1.  Balancing parentheses. Consider a program error checker that reads in the text of a program and checks for a limited set of syntax errors. Specifically, there are some special symbols or keywords that must always be in a balanced pair, such as ( ) [ ] { }. There are some important rules for pairs. 
(i) every starting symbol must have a matching end symbol;
(ii) every end symbol must come after its matching start symbol (e.g. ] [ is illegal);
(iii) pairs must be closed off in the reverse order in which they were started (e.g. ( [ { ] } ) is illegal);
(iv) pairs may be nested inside each other (e.g. [ [ ( ) ] ] is legal);
(v) a brace pair { } may only be nested within another brace pair, not within a parentheses or bracket pair.

All other symbols and words in the program can be skipped, since we are only checking for this specific type of error.

a) Of the data structures we've talked about so far (lists, stacks, queues, trees, binary search trees, AVL trees, hash tables), which one or ones would you use in this program? Motivate your choice in terms of the problem definition above. Why is your choice appropriate?

b) What sequence of operations would you need to perform for each of the six symbols above when they appear during your scan of the input file? Express the operations in terms of ADT calls on the data structure(s) you chose above, plus any necessary C code (or variables) to go with it. Give pseudocode; this shouldn't require more than a handful of lines each. If the input is illegal, you must report which rule is violated, and the specific symbols in the input that were illegal.

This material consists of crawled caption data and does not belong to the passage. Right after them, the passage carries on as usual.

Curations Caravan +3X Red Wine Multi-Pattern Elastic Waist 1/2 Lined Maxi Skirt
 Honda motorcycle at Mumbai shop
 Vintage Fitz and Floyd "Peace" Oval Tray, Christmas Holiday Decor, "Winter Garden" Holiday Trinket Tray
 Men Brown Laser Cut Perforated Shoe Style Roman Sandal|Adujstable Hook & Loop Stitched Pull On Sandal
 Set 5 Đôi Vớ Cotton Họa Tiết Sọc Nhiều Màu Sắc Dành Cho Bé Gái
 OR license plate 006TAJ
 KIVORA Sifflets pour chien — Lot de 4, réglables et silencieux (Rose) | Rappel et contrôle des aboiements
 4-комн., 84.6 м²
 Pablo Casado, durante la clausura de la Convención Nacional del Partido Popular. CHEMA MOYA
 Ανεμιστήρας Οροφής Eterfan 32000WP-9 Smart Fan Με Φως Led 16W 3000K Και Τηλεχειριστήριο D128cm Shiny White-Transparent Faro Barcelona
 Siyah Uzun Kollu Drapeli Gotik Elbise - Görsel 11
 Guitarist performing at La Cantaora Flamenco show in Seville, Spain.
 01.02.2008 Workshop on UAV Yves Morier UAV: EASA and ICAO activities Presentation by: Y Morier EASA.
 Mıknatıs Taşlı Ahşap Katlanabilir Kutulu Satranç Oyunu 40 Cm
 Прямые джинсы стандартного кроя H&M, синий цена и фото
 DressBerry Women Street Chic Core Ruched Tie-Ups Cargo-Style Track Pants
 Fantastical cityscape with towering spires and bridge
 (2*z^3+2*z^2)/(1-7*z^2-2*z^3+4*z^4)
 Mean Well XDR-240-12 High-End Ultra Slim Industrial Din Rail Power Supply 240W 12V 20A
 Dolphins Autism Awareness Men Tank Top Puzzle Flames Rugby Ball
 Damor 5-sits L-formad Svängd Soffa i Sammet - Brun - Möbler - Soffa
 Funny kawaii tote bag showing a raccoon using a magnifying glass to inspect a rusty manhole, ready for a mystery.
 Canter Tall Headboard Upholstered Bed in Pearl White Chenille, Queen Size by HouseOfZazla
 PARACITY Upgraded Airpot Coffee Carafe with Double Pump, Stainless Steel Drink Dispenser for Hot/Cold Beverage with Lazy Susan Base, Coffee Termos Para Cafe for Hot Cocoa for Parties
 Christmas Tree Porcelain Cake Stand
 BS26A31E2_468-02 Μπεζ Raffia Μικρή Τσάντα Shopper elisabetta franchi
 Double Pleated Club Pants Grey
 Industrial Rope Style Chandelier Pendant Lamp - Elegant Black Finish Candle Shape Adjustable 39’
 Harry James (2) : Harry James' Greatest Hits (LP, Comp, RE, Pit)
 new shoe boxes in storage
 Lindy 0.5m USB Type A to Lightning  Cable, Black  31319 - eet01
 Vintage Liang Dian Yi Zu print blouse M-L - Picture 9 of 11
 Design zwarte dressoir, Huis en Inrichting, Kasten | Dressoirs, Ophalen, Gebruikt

c) For each of the six symbols that you handled in part b, explain how your pseudocode fragment upholds all 5 rules above. You don't have to give a formal proof, but your argument must be sufficiently detailed that no one will wonder if you have a bug lurking in your algorithm. Just running a program on sample data isn't good enough, because you might overlook an important case. We want a convincing explanation of why each step you take is correct. Every possible illegality must be caught and noted by your algorithms.

 

2. Problems 4.2 and 4.3 (same numbers in both books).

 

3. For figure 4.59 (C++ 4.67), list the 13 elements of the tree in the following traversal orders:
a) preorder
b) postorder
c) inorder

 

4. Give an inductive proof that a binary tree of height H has 2H leaf nodes, maximum. (Recall that a tree with a single node is considered to have a height of one.)

 

5. Use the result you proved in part 4 to solve book problem 4.5 (same number in both books).

 

6. Given an input sequence { 2004, 5907, 9283, 7113, 3102, 6294 } and a hash function h(X) = X mod 10, show the resulting hash tables (table size = 10) under the following schemes.
a) chaining
b) linear probing
c) quadratic probing

7. Describe whether you think the following features would be easy or difficult to add to a hash table. Explain why. (It's OK to modify the data structure slightly, e.g. by storing a little extra data. Don't use a whole extra ADT.) Give asymptotic time costs for the best algorithm you can think of in each case. You don't need to give code for the algorithm, just a sentence or two saying what would need to be done. If adding the feature would require extra work inside the Insert or Find operations, describe the problem. Assume the hash function is fairly complex and scatters things throughout the table with no discernible pattern.
a) GetCount( ) -- returns number of items stored in the table
b) GetMax( ) -- returns the largest item in the table
c) GetMin( ) -- returns the smallest item in the table
d) FindInRange(x, y) -- if there is an item k in the table, with x < k < y, return any such item k.

 

8. (not graded) How difficult would you rate this assignment, on a scale from 1 (too easy), to 5 (just right), to 10 (too hard)?  How many hours did you spend on the written questions above?  How many hours did you spend on the programming section below?

 

Programming Section

The goal this week is to give you a small programming assignment to get you back into the lab, and to see where you have trouble.  Since much of data structure programming in C or C++ involves pointer manipulation, we'll do the tiny subset of a full ADT which does the pointer munging.

You will implement AVL tree rotations. I have provided an implementation of binary search trees in the following files, bst.cpp, bst.h, treein.txt (a default input file). Read through the source and make sure you understand what the code is doing. Your job is to modify the Insert routine to make the BST into an AVL tree. You'll probably want to take a careful look at the book's discussion of AVL trees, and write a few support functions for the 4 different cases.

To be explicit, there are several tasks you'll need to do to complete this part of the assignment.

i) Modify the data structure to include the extra info needed by an AVL tree in each node
ii) Modify the insert routine to check for height imbalances after an insertion. You need to check for all 4 cases separately, since they require slightly different handling. The book can help you here. Fix the imbalances using the appropriate rotation type. The routine also needs to update height info after an insert.
iii) Write the support routines for all four cases.
iv) Modify the dump() routine to include AVL height info, so you can see what you've done. Make liberal use of this routine to help you see what your program is doing.

One big danger area I suggest you pay careful attention to is updating the height info. There may be more than one place where you have to do this. Also note that, since AVL rotation is an O(1) operation, it is unacceptable if you take O(log N) or O(N) time after every insert to fix the height info in the tree.  You must do it in constant time.

We'll send info later on how to turn in your files online. You also need to turn in a printout of your code with the rest of the assignment.